STF restabelece reportagens sobre injúria racial de homem que fez comentário racista ao recusa café
O ministro Cristiano Zanin, do Supremo Tribunal Federal (STF), restabeleceu a condenação por injúria racial de um homem que fez comentários racistas ao recusar um café oferecido por uma estudante em São Paulo. A decisão reverteu o entendimento do Tribunal de Justiça de São Paulo (TJ-SP), que havia absolvido o réu por falta de provas sobre a intenção de ofender a vítima.
Com a nova decisão, volta a valer a sentença de primeira instância. O condenado deverá cumprir pena de um ano, seis meses e 20 dias de reclusão em regime aberto, além do pagamento de 14 dias-multa.
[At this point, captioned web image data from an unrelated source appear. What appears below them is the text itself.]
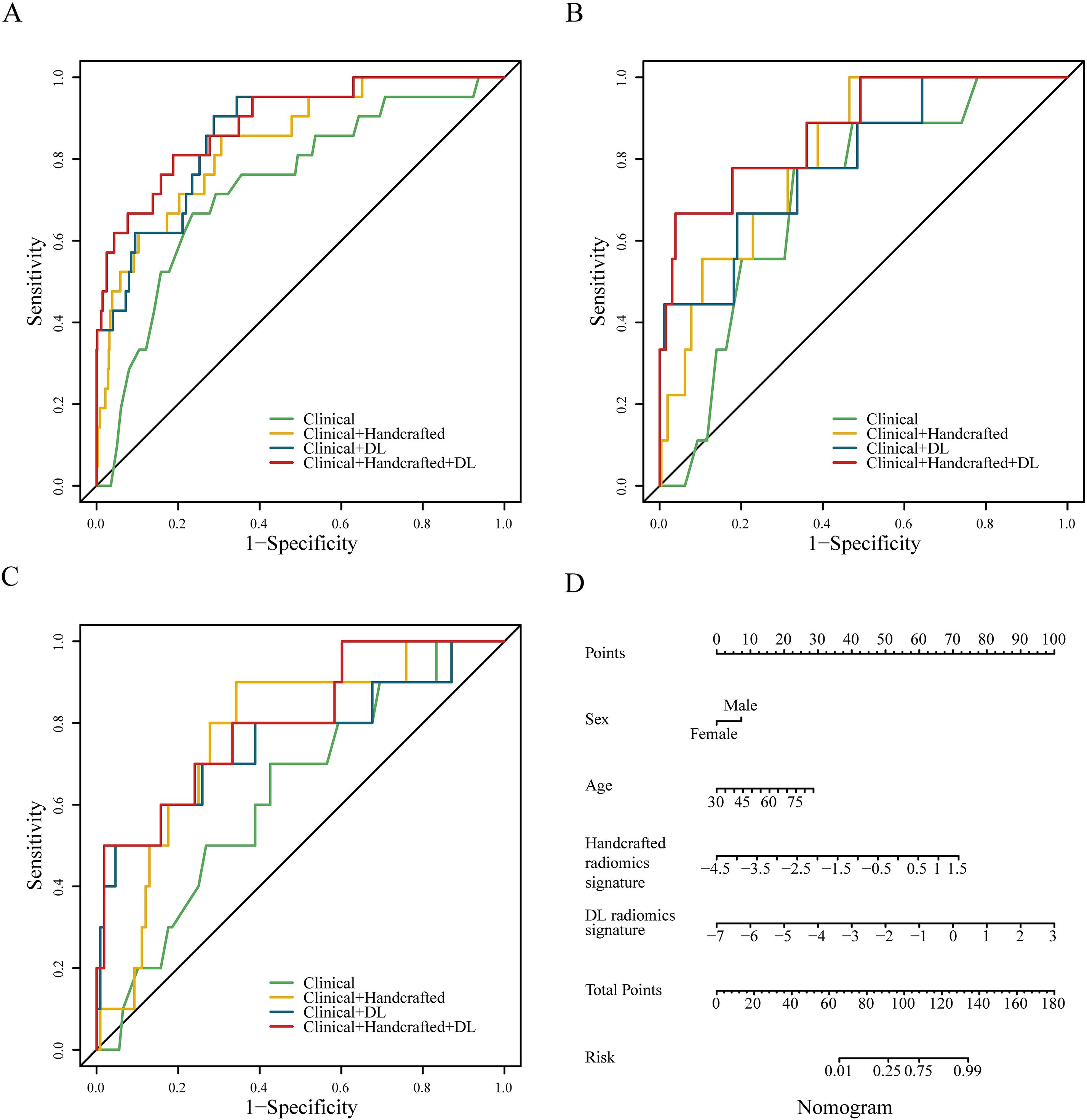 Image includes three ROC curve plots labeled A, B, and C, illustrating the sensitivity versus one minus specificity for various models: Clinical, Clinical plus Handcrafted, Clinical plus DL, and Clinical plus Handcrafted plus DL. Plot D is a nomogram, correlating patient characteristics and radiomics signatures to total points and risk.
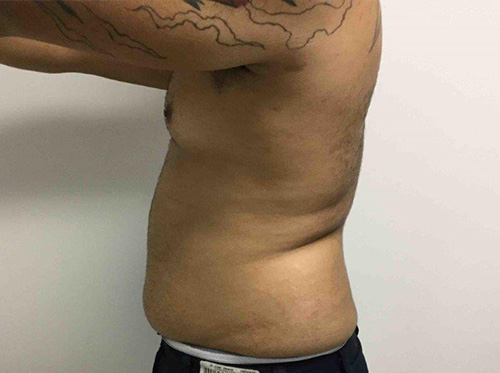 Liposuction Before, Montclair, NJ and New York (NY)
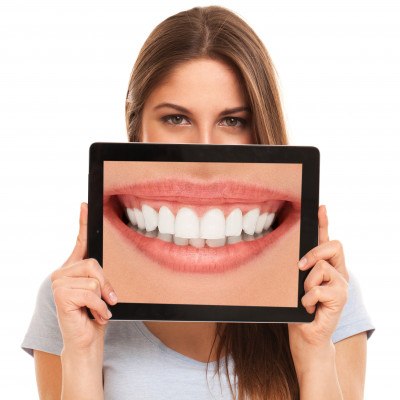 Imagen de ✨ Estética dental en Castellón: tu mejor sonrisa, ahora más cerca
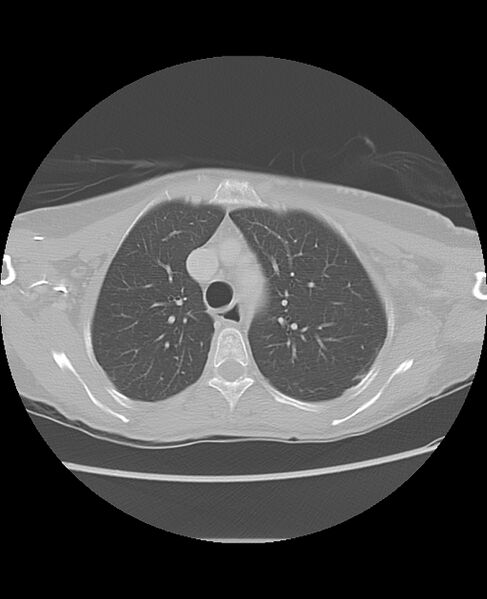 File:Chondrosarcoma (Radiopaedia 79427-92532 Axial lung window 16).jpg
Caso de injúria racial aconteceu em frente a faculdade
O episódio ocorreu em 30 de abril de 2019. Na ocasião, a vítima ajudava uma amiga na venda de café em frente à faculdade onde estudava. Ao oferecer a bebida ao homem, ouviu frases consideradas ofensivas e discriminatórias.
Segundo os autos, o réu respondeu: “Não quero, porque já tomei café e também não quero ficar da sua cor”. Em seguida, acrescentou outra declaração de teor racista.
Durante o processo, ele alegou que fazia apenas uma brincadeira e afirmou que não tinha intenção de ofender a estudante.
Zanin cita racismo recreativo na decisão
Ao analisar o recurso, Cristiano Zanin destacou que o caso se enquadra no conceito de racismo recreativo. Nesse tipo de situação, o agressor utiliza o humor ou supostas brincadeiras para reproduzir preconceitos e reforçar estereótipos raciais.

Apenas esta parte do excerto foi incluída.